Fig. 1 — Confirmation of the SLC10A2 mutation. a Donor is a heterozygous for SLC10A2 using DNA extracted from fibroblast cells. b pESC12 stem cell line homozygous for SLC10A2 mutation. Location of mutation in gray

Gene editing of SLC10A2

To correct the mutation in haploid cells, we thawed a frozen vial of pES12 at passage (p) 21, cultured, and performed sorting for haploid cells. Serial sorting was performed in order to create an increasingly purified population of cells. With each subsequent sort, the percentage of haploid cells in G1 was increased from 3.6 to 26.3% (Fig. 2). Because this number does not include haploid cells in S phase and in G2 and M phase of the cell cycle, and because in human stem cells only ~ 20% of the cells are in G1 while ~ 80% are in S/G2/M phase of the cell cycle [23], cells were almost uniformly haploid at the final sort prior to performing CRISPR. Cells sorted from p. 37 were cultured for one passage after sorting, to expand cells for plasmid transfection with CRISPR/Cas9.

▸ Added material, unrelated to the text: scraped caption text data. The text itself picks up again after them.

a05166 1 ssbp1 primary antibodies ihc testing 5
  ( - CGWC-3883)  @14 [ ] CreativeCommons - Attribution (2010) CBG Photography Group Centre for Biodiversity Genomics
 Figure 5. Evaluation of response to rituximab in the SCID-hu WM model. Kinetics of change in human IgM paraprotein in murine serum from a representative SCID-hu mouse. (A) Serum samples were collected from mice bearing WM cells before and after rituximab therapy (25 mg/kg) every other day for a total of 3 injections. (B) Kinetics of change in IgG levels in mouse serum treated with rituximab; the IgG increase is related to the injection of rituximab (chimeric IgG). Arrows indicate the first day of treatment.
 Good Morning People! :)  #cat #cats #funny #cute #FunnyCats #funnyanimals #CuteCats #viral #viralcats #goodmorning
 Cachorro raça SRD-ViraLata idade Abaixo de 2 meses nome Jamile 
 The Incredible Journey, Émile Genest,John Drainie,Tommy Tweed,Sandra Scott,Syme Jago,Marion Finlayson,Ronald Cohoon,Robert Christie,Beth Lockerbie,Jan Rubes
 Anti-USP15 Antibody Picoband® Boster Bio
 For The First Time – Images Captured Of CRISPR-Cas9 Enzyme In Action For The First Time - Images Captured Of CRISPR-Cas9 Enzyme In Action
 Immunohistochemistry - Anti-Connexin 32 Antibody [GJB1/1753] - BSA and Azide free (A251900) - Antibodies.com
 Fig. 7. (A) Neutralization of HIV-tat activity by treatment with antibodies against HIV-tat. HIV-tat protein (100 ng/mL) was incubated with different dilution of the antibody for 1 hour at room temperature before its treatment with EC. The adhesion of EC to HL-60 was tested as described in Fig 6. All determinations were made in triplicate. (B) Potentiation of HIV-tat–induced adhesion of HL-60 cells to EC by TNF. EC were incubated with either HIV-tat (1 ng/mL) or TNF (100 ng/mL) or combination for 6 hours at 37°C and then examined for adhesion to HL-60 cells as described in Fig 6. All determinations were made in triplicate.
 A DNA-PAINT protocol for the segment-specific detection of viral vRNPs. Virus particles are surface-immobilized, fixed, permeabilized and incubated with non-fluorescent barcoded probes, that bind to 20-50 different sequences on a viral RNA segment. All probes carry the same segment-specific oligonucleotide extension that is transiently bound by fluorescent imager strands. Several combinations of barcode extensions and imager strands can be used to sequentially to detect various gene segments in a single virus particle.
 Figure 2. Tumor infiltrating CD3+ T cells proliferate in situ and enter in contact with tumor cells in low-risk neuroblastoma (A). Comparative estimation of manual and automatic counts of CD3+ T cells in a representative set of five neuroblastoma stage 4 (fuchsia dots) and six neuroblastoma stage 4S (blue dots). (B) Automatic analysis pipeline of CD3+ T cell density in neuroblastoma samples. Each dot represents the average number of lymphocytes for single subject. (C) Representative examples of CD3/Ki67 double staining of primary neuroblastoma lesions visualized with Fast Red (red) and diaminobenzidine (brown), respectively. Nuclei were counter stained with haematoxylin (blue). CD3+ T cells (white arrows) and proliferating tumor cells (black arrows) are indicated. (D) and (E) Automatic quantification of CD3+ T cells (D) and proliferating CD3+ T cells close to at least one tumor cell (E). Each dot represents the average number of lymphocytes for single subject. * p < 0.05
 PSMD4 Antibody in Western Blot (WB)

Fig. 2 — FACS for haploid purification. a Percent of haploid cells in G1 with serial sorting. b FACS sorting peaks by passage number. Pink bar demarcating FACS gate created to capture cells with haploid DNA content. Thirty or more precent haploid in G1 are essentially pure haploid cultures

The gRNA, confirmation of bacterial transformation with gRNA, and correction template for SLC10A2 mutation utilized for gene editing can be seen in Fig. 3. Nucleofection was performed on 2 wells of a 6-well plate at 80% confluence. The cells were re-plated onto MEF’s and cultured for an additional 2 days. FACS sorting was performed to collect cells containing haploid DNA content and were also GFP+ (green florescent protein). This effectively collected the haploid cells that had taken up the plasmid vector (Cas9 tagged with GFP). There was a total of 32.12% haploids in G1, and 11.70% of the live cells were both G1 haploids and GFP+ (Fig. 4). A total of 104,686 haploid cells with GFP positivity were collected and plated onto 2 × 10 cm dishes (approximately 45,000 cells/10 cm dish) and 2 wells of 6-well plate (approximately 7000 cells/well). Cells were cultured for 8 days until cell colonies were large enough to be picked manually. A total of 168 colonies were picked and plated onto 7 × 24 well plates. Five to 6 days later, 120 colonies (5 × 24 well plates) were split to duplicate wells and cultured for an additional 5–6 days. At this point, one set of identical colonies of cells underwent DNA extraction, while the other set of cells remained in culture until there were sufficient cells to undergo freezing.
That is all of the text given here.